Input
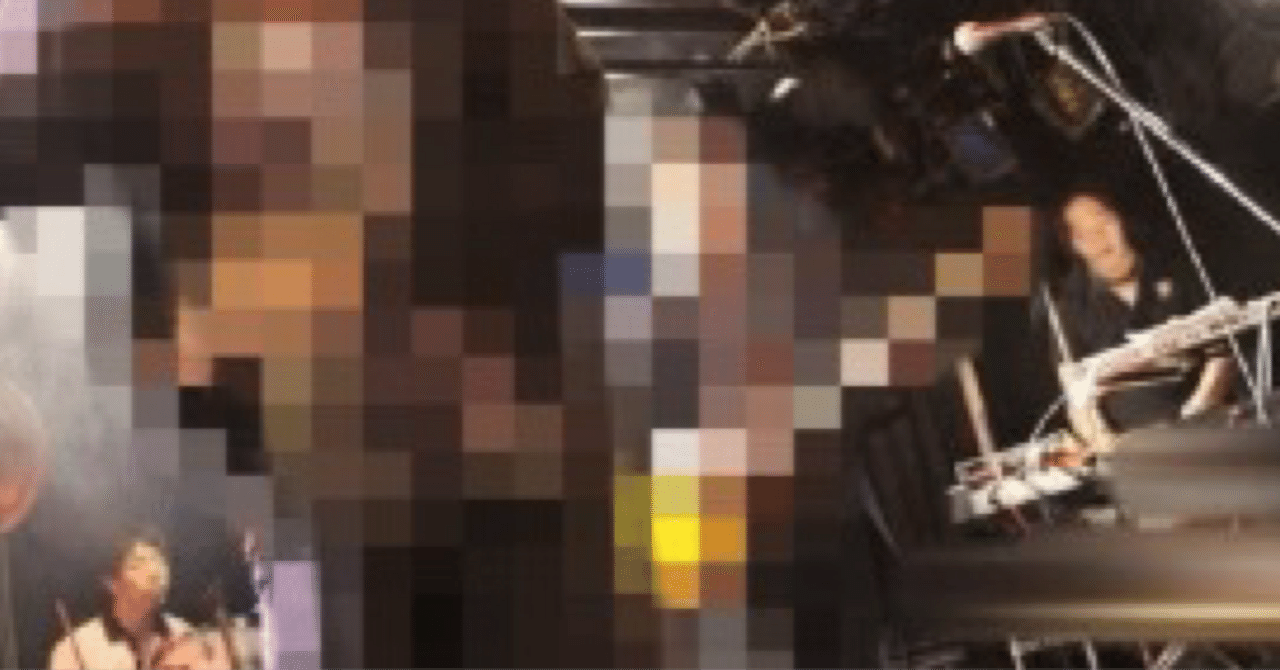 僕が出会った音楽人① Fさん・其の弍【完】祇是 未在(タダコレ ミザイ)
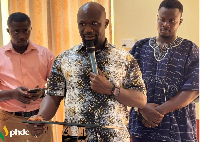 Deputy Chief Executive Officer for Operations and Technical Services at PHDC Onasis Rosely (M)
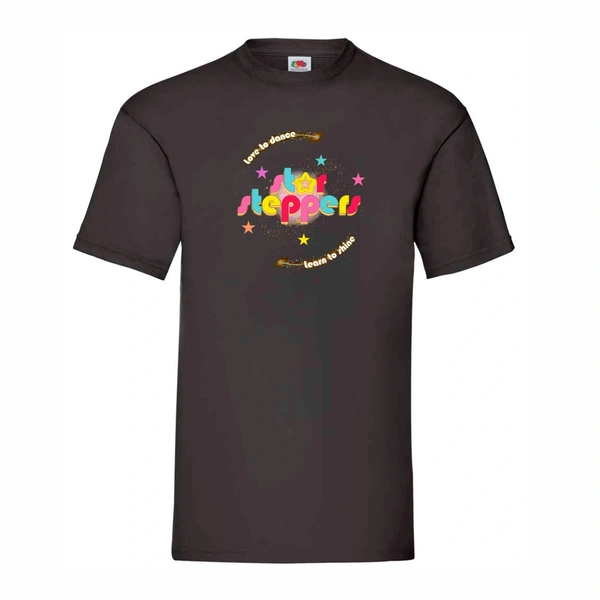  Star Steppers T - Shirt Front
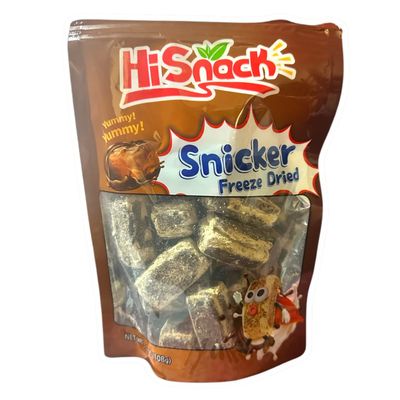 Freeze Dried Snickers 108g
---
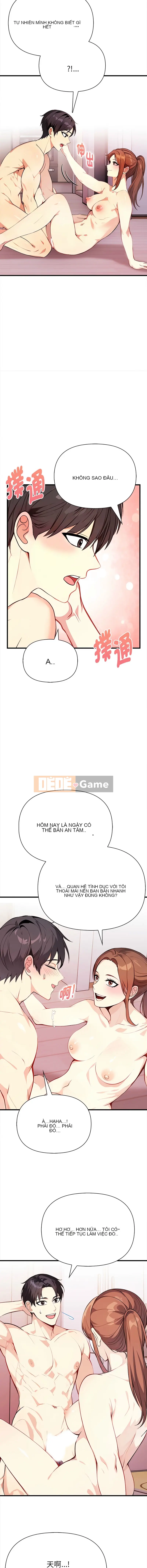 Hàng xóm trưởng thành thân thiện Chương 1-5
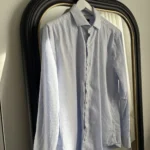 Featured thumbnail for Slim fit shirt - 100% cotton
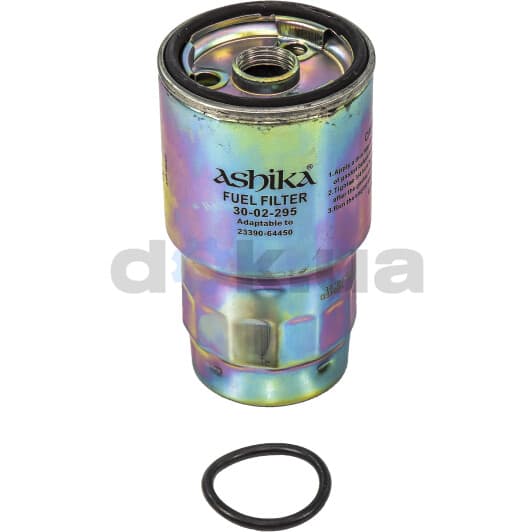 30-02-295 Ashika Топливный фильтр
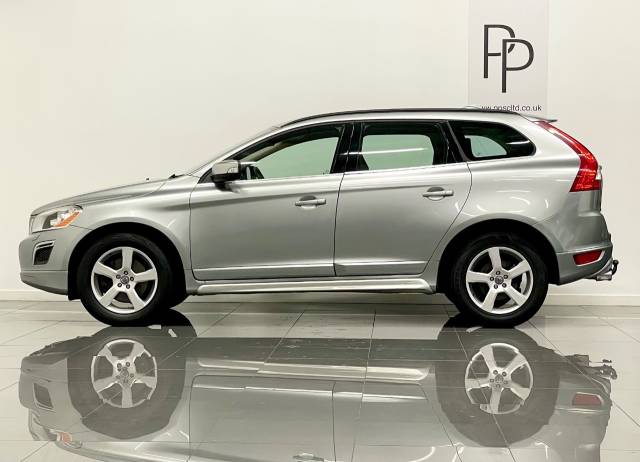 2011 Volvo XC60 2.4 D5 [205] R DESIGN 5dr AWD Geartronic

Exercise requirements
Leave the pictures out. Output, exactly, the lines of the material above starting at the line containing "Featured thumbnail for" and ending at the line containing "2011 Volvo XC60".

Result of the task
 Featured thumbnail for Slim fit shirt - 100% cotton
 30-02-295 Ashika Топливный фильтр
 2011 Volvo XC60 2.4 D5 [205] R DESIGN 5dr AWD Geartronic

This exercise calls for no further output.